[Provided data]

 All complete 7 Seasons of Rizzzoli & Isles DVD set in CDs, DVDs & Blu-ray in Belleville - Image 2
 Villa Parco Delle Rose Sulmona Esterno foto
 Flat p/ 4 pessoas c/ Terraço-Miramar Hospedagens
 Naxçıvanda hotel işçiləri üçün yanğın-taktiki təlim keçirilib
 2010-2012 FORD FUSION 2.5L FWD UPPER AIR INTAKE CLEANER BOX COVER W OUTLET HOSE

[/Provided data]
[Provided data]

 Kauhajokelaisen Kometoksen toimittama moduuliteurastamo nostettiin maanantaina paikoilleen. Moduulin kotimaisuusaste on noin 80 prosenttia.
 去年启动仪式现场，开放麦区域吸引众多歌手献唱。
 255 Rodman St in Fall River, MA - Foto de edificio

[/Provided data]

▶ _Your goal_:
Of all the entries above, repeat only the lines from the line that has "去年启动仪式现场，开放麦区域吸引众多歌手献唱。" to the line that has "255 Rodman St", both lines included, exactly.

▶ _Problem solution_:
 去年启动仪式现场，开放麦区域吸引众多歌手献唱。
 255 Rodman St in Fall River, MA - Foto de edificio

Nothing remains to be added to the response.